President-elect Donald Trump said Tuesday the law protects him from possible conflicts of interest with his sprawling business empire.
Trump has generated concerns about the possible blurring of politics and business when he takes office in January. Some have argued that Trump could run afoul of a constitutional clause guarding against enrichment from foreign governments, but it is not entirely clear if that rule applies to the president.
His claim about the president's exemption from conflict of interest law largely checks out, but there are still some questions about Trump and the spirit of the Emoluments Clause, which aims to protect against foreign gifts. Of course, Trump also faces political hurdles and perception issues from his businesses that go beyond the letter of the law.

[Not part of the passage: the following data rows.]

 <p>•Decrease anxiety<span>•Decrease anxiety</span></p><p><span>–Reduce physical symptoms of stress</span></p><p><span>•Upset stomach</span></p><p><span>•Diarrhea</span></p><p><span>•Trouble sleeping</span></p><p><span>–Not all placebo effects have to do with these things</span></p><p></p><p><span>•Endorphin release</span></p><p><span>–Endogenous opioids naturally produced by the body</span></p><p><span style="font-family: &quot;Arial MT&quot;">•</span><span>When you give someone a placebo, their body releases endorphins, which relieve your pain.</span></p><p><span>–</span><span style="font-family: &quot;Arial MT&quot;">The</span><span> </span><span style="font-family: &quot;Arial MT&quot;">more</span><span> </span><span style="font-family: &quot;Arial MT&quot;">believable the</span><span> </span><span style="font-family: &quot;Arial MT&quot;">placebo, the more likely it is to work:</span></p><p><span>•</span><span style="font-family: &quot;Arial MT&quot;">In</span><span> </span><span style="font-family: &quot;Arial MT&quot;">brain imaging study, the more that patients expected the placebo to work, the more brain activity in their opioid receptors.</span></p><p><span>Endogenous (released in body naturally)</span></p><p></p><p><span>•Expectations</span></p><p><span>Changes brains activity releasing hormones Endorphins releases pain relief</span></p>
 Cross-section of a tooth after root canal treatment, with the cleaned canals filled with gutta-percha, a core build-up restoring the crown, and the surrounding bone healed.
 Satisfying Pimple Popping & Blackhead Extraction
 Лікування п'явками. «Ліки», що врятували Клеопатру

Since Trump's election, reports have surfaced that the president-elect had spoken about business matters on calls with foreign officials. Also, his daughter Ivanka, who Trump says will help run his businesses, sat in on Trump's meeting with Japanese Prime Minister Shinzo Abe.

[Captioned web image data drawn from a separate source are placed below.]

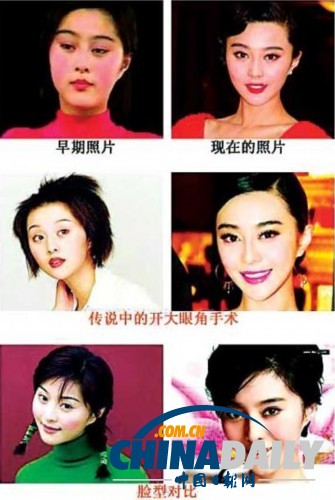 柳岩李小璐杨幂 女星整容前惊人对比照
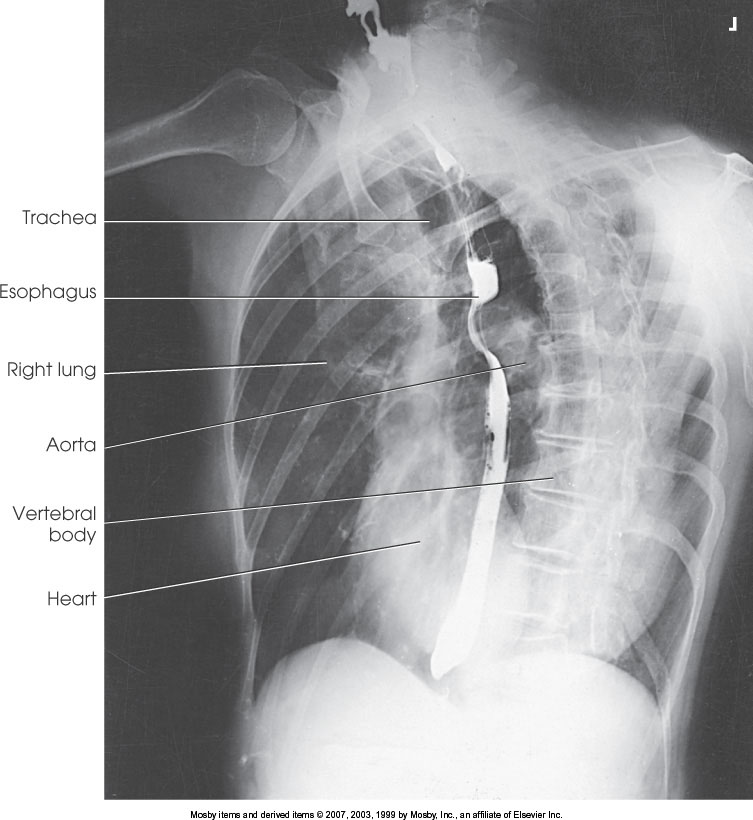 <p>What position is demonstrated?</p>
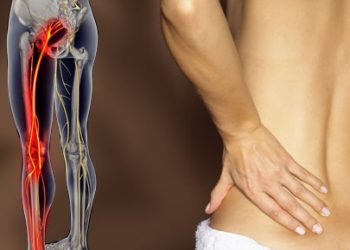 защемление седалищного нерва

Trump seemed to confirm that he had brought up business interests related to a Scottish golf course in a meeting with British politician Nigel Farage. Trump told the newspaper on Tuesday that he "might have brought it up."
In an editorial, The Wall Street Journal argued that Trump should solve his business conflict problem by liquidating his holdings.
The president-elect told the Times, meanwhile, that his DC hotel had likely become a more valuable asset because of his electoral victory, adding that the brand had become "hotter."
Trump argued that, "in theory," he could continue to run his businesses while in office, but said he is giving control to his children. He said he had "assumed" he would have to set up a trust to transfer his assets, but contended that it was not legally necessary. Still, he added, "I would like to do something."
Trump suggested he does not care about his business interests relative to his presidency.
Trump's business holdings and real estate interests around the globe present unprecedented possible presidential conflicts. Trump and his advisors have played down the potential for personal enrichment during his presidency even after reports of business remarks with foreign officials.
He has said transferring control of his business to his three eldest children would not constitute a "blind trust," a setup that many have called for him to create. In addition to Ivanka, Trump's sons Donald Jr. and Eric, and son-in-law Jared Kushner, serve on his transition team. Trump could also test anti-nepotism laws and offer Kushner a role in the administration.